Brain Sees Tools as Extensions of Body

The idea that the human brain sees tools as an extension of the body is an old one. Now scientists have some proof that it's true.

Tool use is not entirely unique to humans, but the efficient use of a wide range of tools is a key skill separating us from other animals. Researchers have long thought that when we use a tool, even for just a few minutes, it changes the way our brain represents the size of our body; the tool becomes a part of what is known in psychology as our body schema.

In the new study, researchers reasoned that if one incorporates a used tool into the body schema, his or her subsequent bodily movements should differ when compared to those performed before the tool was used.

Indeed, that is exactly what they saw.

After using a mechanical grabber that extended their reach, people behaved as though their arm really was longer, they found.

It's a phenomenon each of us unconsciously experiences every day, the researchers said. The reason you were able to brush your teeth this morning without necessarily looking at your mouth or arm is because your toothbrush was integrated into your brain's representation of your arm.

What's more, study participants perceived touches delivered on the elbow and middle fingertip of their arm as if they were farther apart after their use of the grabbing tool.

People still went on using their arm successfully following after tool use, but they managed tasks differently. That is, they grasped or pointed to object correctly, but they did not move their hand as quickly and overall took longer to complete the tasks.

"Since the origin of the concept of body schema, the idea of its functional plasticity has always been taken for granted, even if no direct evidence has been provided until now," said Alessandro Farnè of INSERM and the Université Claude Bernard Lyon. "Our series of experiments provides the first, definitive demonstration that this century-old intuition is true."
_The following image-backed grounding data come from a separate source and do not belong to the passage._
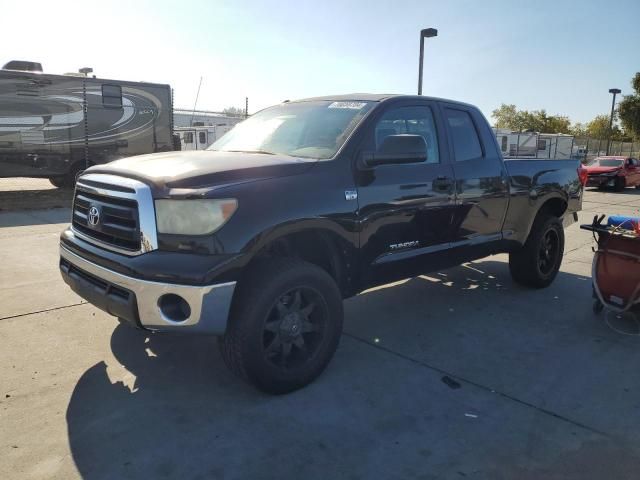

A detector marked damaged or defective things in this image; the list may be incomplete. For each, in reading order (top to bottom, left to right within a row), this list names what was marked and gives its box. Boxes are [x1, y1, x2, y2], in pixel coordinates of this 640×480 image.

crack in pavement [0, 302, 87, 320]
crack in pavement [342, 332, 608, 436]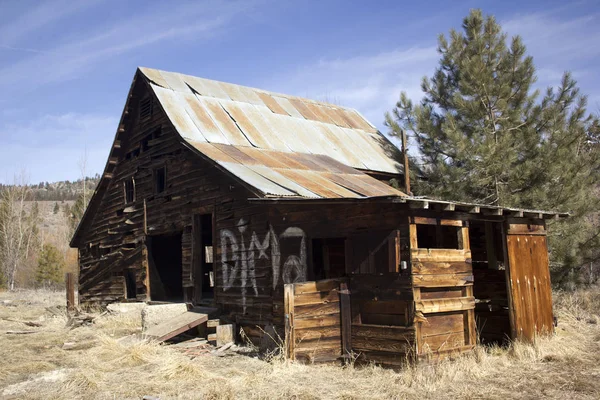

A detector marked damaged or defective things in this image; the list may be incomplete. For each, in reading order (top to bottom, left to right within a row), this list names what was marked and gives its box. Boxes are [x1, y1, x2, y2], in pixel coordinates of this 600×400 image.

rusted metal sheet [150, 84, 206, 142]
rusted metal sheet [179, 92, 229, 144]
rusted metal sheet [199, 97, 251, 147]
rusty corrugated metal roof [140, 66, 400, 174]
rusted metal sheet [255, 92, 288, 115]
rusty corrugated metal roof [188, 143, 404, 199]
rusted metal sheet [506, 234, 552, 340]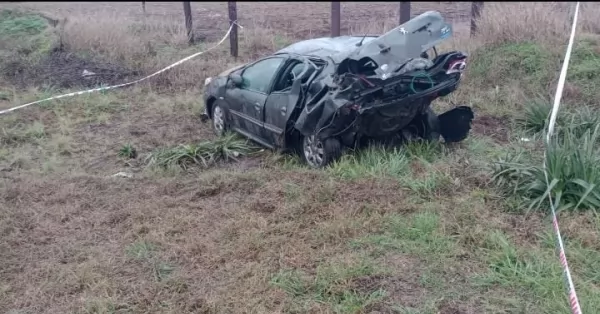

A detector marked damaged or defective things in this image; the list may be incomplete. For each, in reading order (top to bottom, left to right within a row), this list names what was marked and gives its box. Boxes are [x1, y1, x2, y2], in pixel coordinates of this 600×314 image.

broken car door [227, 56, 288, 141]
heavily damaged car [202, 10, 474, 167]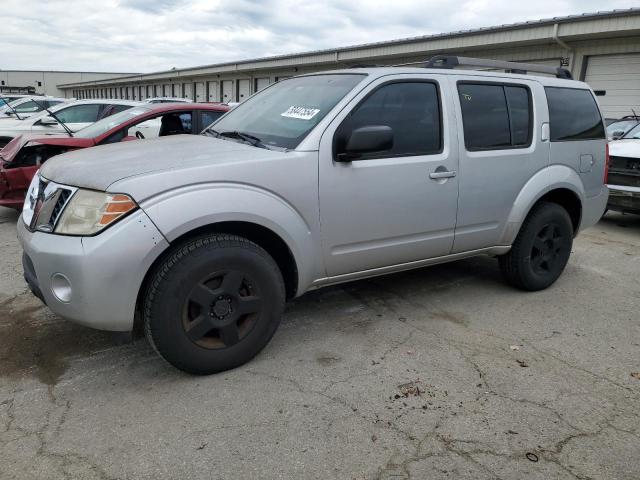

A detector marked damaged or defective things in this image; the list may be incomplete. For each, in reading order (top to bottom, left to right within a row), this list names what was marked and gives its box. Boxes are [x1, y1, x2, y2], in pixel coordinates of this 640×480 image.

cracked pavement [0, 207, 636, 480]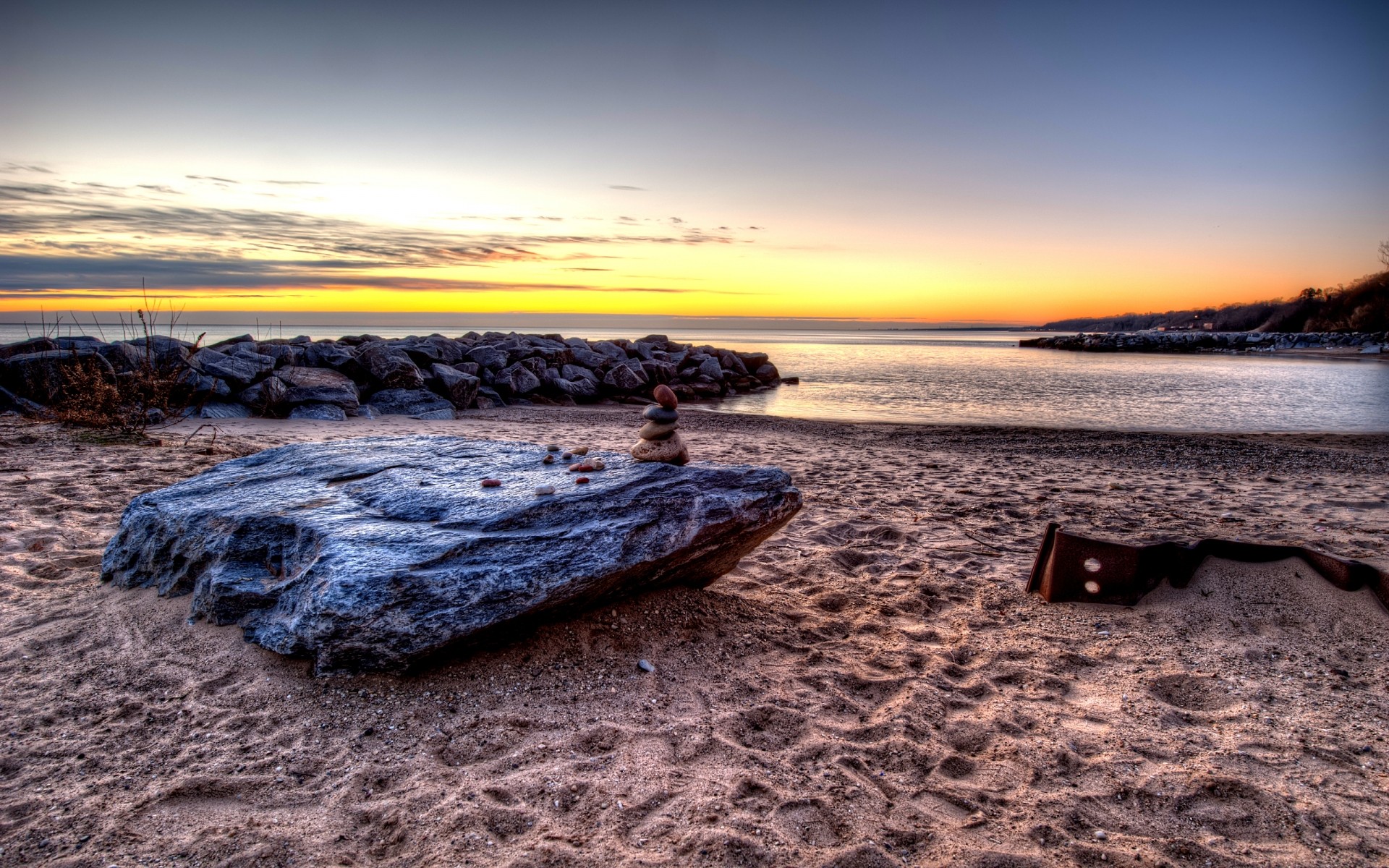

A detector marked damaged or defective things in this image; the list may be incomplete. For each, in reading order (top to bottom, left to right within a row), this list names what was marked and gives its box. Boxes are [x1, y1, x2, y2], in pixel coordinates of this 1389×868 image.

rusty metal piece [1027, 522, 1383, 608]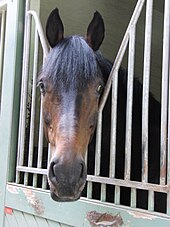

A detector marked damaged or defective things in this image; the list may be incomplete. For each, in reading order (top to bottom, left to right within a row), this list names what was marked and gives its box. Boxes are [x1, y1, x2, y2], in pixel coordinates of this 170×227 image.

peeling paint [23, 189, 44, 215]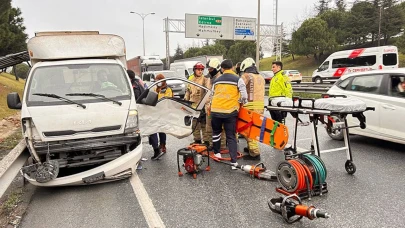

The finding, detailed in tomorrow's issue of the journal Current Biology, help to explain how it is that humans use tools so well.

"We believe this ability of our body representation to functionally adapt to incorporate tools is the fundamental basis of skillful tool use," said Farnè's colleague Lucilla Cardinali. "Once the tool is incorporated in the body schema, it can be maneuvered and controlled as if it were a body part itself."